Recorded data section start

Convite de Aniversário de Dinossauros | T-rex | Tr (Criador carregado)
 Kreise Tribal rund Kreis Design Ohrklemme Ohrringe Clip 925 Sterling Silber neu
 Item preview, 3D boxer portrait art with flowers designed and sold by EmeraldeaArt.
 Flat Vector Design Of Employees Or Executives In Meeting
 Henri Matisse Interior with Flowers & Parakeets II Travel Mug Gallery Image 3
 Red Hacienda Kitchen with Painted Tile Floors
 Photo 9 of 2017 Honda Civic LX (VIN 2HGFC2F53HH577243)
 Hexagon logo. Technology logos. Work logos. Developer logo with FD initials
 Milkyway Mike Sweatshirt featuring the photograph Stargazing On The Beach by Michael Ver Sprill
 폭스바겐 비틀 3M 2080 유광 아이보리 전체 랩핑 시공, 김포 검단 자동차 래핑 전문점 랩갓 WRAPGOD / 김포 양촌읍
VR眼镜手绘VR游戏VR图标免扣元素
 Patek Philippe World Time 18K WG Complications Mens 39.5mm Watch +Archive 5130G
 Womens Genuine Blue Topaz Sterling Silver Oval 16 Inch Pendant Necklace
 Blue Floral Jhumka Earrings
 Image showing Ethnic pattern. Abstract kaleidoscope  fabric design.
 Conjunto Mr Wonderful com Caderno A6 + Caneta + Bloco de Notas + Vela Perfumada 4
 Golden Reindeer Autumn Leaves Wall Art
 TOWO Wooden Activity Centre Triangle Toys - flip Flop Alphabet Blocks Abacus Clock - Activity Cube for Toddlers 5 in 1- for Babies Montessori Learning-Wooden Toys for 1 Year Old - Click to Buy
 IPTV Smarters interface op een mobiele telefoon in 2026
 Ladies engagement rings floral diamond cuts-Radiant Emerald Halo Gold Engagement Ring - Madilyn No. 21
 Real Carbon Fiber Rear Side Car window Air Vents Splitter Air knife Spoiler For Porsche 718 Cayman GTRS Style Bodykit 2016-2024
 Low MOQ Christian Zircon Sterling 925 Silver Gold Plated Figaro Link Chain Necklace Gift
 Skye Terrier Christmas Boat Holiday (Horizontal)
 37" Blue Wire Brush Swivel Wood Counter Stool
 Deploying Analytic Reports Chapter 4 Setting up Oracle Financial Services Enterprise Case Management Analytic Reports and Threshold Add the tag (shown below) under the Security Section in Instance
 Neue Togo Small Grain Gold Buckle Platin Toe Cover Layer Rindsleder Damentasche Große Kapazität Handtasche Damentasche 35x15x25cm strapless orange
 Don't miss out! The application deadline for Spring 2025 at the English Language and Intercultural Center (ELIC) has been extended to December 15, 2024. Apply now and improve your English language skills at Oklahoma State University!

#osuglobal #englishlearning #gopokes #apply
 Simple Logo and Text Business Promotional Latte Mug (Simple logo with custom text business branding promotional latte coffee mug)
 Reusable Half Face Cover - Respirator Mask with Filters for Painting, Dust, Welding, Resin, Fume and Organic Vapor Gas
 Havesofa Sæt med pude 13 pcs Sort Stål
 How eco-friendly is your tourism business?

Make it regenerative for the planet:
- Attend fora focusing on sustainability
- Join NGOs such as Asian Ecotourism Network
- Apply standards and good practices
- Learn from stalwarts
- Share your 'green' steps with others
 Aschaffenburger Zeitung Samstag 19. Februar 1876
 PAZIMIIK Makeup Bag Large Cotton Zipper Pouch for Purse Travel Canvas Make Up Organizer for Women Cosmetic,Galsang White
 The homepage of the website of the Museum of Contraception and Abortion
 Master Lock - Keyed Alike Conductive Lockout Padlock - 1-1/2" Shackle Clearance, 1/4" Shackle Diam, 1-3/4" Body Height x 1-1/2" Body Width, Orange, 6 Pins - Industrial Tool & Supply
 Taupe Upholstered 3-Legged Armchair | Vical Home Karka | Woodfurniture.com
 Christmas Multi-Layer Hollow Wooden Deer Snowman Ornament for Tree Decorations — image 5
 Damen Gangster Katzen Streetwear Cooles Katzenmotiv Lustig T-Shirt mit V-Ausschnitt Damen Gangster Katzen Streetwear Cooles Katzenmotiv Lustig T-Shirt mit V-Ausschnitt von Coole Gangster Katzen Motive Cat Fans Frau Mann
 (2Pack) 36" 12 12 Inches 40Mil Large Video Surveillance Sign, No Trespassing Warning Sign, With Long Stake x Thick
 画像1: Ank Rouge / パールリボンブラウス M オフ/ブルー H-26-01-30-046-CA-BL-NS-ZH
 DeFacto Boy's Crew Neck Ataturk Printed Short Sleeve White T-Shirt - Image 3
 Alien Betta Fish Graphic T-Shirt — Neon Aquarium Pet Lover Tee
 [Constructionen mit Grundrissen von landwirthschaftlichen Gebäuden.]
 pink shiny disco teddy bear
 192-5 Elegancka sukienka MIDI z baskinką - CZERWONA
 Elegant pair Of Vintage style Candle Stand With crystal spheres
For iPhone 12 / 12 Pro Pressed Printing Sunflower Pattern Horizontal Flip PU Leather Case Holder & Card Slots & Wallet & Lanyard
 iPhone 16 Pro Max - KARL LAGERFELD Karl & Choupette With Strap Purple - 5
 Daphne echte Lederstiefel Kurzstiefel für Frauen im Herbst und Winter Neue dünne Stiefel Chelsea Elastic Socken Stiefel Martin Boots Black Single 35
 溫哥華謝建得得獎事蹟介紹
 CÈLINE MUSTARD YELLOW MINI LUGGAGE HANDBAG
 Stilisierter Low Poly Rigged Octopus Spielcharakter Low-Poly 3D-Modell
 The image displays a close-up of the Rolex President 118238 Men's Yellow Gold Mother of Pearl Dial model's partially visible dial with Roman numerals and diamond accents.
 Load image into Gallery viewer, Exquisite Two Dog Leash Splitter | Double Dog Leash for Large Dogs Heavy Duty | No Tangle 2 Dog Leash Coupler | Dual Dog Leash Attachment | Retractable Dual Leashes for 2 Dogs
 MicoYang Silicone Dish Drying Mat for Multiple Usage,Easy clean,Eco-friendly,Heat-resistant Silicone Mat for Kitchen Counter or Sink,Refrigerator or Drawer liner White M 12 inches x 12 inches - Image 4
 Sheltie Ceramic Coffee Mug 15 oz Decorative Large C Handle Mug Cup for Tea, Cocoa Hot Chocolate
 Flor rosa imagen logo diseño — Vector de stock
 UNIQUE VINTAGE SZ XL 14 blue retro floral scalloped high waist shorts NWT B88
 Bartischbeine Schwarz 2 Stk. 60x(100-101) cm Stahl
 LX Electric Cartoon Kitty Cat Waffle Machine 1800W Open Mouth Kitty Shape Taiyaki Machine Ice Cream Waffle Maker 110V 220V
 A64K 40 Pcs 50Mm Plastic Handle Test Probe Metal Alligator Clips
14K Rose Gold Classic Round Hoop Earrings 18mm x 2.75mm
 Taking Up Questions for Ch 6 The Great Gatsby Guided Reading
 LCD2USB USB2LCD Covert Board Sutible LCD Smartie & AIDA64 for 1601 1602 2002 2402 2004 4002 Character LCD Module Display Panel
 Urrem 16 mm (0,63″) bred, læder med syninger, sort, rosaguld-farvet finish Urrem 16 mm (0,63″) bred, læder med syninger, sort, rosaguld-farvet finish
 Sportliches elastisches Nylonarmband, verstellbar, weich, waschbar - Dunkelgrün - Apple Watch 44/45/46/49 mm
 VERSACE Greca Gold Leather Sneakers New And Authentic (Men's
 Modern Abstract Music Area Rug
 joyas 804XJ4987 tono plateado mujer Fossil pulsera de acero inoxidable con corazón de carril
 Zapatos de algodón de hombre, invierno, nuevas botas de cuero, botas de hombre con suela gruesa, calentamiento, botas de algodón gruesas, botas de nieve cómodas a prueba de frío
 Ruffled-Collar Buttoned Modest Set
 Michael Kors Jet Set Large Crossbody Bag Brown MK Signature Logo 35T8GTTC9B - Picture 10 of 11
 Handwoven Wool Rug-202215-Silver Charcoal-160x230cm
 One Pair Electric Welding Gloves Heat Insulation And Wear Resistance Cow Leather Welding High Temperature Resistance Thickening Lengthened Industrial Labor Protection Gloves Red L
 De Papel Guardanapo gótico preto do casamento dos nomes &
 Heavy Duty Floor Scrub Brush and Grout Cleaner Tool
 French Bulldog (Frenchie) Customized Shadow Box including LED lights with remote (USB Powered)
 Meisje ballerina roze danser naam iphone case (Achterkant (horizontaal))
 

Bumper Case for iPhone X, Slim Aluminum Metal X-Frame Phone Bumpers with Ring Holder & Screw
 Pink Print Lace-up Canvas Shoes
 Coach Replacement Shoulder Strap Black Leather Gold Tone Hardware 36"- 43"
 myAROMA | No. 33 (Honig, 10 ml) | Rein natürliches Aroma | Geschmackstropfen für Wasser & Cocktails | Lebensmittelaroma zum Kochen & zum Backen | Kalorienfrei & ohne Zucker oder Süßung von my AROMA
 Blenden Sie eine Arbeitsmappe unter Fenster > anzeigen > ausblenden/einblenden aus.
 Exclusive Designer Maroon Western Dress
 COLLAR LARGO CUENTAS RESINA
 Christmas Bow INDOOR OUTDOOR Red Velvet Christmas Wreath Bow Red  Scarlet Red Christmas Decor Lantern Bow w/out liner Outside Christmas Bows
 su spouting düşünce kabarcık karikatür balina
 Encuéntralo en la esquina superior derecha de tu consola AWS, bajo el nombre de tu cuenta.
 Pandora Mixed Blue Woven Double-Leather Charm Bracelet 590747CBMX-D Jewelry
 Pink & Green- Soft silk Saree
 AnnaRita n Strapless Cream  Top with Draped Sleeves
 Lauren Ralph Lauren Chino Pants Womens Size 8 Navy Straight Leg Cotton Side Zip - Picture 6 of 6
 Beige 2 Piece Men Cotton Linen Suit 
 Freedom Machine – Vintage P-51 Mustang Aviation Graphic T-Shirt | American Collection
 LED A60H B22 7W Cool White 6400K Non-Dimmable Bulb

Recorded data section end

● Task details:
Please transcribe exactly the lines above from the line that has "Patek Philippe World" up to and including the line that has "Reusable Half Face"; no other line belongs in the answer.

● Solution to the problem:
 Patek Philippe World Time 18K WG Complications Mens 39.5mm Watch +Archive 5130G
 Womens Genuine Blue Topaz Sterling Silver Oval 16 Inch Pendant Necklace
 Blue Floral Jhumka Earrings
 Image showing Ethnic pattern. Abstract kaleidoscope  fabric design.
 Conjunto Mr Wonderful com Caderno A6 + Caneta + Bloco de Notas + Vela Perfumada 4
 Golden Reindeer Autumn Leaves Wall Art
 TOWO Wooden Activity Centre Triangle Toys - flip Flop Alphabet Blocks Abacus Clock - Activity Cube for Toddlers 5 in 1- for Babies Montessori Learning-Wooden Toys for 1 Year Old - Click to Buy
 IPTV Smarters interface op een mobiele telefoon in 2026
 Ladies engagement rings floral diamond cuts-Radiant Emerald Halo Gold Engagement Ring - Madilyn No. 21
 Real Carbon Fiber Rear Side Car window Air Vents Splitter Air knife Spoiler For Porsche 718 Cayman GTRS Style Bodykit 2016-2024
 Low MOQ Christian Zircon Sterling 925 Silver Gold Plated Figaro Link Chain Necklace Gift
 Skye Terrier Christmas Boat Holiday (Horizontal)
 37" Blue Wire Brush Swivel Wood Counter Stool
 Deploying Analytic Reports Chapter 4 Setting up Oracle Financial Services Enterprise Case Management Analytic Reports and Threshold Add the tag (shown below) under the Security Section in Instance
 Neue Togo Small Grain Gold Buckle Platin Toe Cover Layer Rindsleder Damentasche Große Kapazität Handtasche Damentasche 35x15x25cm strapless orange
 Don't miss out! The application deadline for Spring 2025 at the English Language and Intercultural Center (ELIC) has been extended to December 15, 2024. Apply now and improve your English language skills at Oklahoma State University!

#osuglobal #englishlearning #gopokes #apply
 Simple Logo and Text Business Promotional Latte Mug (Simple logo with custom text business branding promotional latte coffee mug)
 Reusable Half Face Cover - Respirator Mask with Filters for Painting, Dust, Welding, Resin, Fume and Organic Vapor Gas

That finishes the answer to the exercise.